A small detour: Polymer notes

I travel to Canada once a year to see my aunt. Their bills are plastic (polymer). The pen does nothing there. The mark sort of beads up and looks weird. For polymer notes (Canada, U.K., Australia), I stick to the clear window, the hologram, and microprint. The pen stays in the bag.


Brands I tried

  • Dri Mark Smart Money Pen: cap clicks tight, ink steady, lasted me a season.
  • Generic three-pack: worked okay for a month, then dried faster. Caps felt loose.

Both mark light on real U.S. bills and dark on most cheap fakes. But neither helps with washed “raised” bills. That’s the big hole.


What I liked

  • Fast. One quick mark while I bag the goods.
  • Cheap. A few bucks, lasts a while if capped tight.
  • Low-key. Doesn’t make the buyer feel judged.

What bugged me

  • Misses bleached lower bills printed as higher ones.
  • False positives on wet, dirty, or glossy receipts under the bill.
  • Useless on polymer notes.

Little tips I wish someone told me

  • Make the mark small, near the edge. No need to scribble.
  • Keep a low-cost UV keychain light nearby. It’s tiny and helps.
  • Train your fingers. Real bills have texture. The ink is a hair raised.
  • Don’t argue at the counter. If it feels wrong, ask for another bill or suggest a card. Stay kind. People remember that.

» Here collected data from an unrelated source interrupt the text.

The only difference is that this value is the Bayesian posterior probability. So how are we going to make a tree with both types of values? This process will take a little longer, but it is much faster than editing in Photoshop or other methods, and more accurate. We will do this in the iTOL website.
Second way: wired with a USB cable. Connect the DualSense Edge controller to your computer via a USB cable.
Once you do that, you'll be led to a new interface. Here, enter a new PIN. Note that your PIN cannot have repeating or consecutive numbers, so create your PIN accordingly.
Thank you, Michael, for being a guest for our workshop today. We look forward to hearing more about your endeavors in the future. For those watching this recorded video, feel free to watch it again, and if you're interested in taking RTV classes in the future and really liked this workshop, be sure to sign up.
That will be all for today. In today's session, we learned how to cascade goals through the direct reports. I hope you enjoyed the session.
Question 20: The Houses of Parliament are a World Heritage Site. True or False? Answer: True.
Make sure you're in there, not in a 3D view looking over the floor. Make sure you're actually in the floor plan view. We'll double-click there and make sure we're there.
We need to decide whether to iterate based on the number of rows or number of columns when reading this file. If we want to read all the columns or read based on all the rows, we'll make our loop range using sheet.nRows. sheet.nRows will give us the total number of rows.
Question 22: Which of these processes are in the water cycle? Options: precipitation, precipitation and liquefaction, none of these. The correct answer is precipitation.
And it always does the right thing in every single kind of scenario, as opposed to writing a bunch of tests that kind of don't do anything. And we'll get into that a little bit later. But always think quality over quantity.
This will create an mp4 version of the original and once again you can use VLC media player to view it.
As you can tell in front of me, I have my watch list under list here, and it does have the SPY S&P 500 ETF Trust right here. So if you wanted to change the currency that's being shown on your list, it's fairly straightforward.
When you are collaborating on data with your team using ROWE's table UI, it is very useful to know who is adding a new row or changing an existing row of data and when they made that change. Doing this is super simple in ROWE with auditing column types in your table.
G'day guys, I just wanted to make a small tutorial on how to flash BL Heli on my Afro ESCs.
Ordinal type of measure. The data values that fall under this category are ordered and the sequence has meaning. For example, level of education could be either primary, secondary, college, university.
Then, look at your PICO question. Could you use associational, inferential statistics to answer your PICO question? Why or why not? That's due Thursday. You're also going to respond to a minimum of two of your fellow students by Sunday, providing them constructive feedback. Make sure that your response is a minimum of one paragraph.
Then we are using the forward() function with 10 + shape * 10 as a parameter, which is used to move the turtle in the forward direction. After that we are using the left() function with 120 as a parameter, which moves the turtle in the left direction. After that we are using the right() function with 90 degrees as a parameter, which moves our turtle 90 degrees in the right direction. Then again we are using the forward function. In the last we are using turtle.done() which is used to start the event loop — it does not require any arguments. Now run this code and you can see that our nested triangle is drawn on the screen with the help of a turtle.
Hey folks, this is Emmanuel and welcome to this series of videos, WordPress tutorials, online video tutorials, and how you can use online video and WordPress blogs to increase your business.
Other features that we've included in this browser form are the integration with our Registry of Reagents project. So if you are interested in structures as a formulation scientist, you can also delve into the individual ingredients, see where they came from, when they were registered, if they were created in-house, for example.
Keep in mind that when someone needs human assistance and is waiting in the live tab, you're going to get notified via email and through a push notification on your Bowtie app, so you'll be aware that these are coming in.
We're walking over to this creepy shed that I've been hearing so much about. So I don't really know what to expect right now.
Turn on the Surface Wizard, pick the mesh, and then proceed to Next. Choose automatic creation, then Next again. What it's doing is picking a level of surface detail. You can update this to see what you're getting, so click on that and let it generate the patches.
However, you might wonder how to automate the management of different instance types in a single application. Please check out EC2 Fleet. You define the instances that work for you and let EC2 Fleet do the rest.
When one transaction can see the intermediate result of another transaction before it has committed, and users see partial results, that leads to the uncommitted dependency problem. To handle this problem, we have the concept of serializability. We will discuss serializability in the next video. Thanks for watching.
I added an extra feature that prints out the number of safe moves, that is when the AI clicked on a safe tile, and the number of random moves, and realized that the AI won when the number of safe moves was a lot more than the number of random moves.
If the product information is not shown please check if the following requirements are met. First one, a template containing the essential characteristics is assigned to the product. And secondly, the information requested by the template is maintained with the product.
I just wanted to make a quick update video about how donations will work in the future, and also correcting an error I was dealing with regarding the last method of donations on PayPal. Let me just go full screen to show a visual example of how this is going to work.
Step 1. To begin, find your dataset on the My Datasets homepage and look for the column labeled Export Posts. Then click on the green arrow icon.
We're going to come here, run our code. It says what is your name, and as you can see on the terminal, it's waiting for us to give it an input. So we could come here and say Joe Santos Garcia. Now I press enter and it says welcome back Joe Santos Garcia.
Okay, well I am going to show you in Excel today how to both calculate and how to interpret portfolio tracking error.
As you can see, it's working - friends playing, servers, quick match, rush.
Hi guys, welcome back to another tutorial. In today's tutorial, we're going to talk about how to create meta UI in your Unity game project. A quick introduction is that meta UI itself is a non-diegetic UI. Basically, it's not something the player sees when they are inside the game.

*For even more tactile tricks and tool suggestions, skim **“How I spot a fake bill and the gear I actually use”*—it’s packed with quick wins you can practice tonight.

Quick mental breaks matter, too. After a long stretch of eyeballing security threads, I sometimes recharge with something completely unrelated to currency—like catching a light-hearted adult chat over on InstantChat’s Big Tits section. The live cams load instantly and the free chat gives you a fun way to decompress before the next customer wave rolls in.

If you happen to run your booth, salon chair, or side hustle around Montana’s capital, you’ll get an even clearer picture of how often cash still rules the day by skimming the local classifieds on Backpage Helena—the site’s active listings and meet-up stories reveal just how common cash-heavy exchanges are and offer real-world context for when that quick counterfeit check could save you both money and headaches.


Final take

I first bought the pen to calm my nerves. It did. Mostly. But it’s not a shield. It’s a nudge.

If you run a booth, a food truck, a hair chair, or a busy cafe, keep one by the till. Use it as the first step. Then use your eyes and a quick light. The pen helps you move fast, and speed matters when the line snakes out the door.

Would I buy it again? Yes. But I keep saying this out loud to staff and to myself: the pen gives me a hint, not the truth. The truth comes from the watermark, the thread, the feel, and that small UV glow. And you know what? Once you get the rhythm, it’s simple.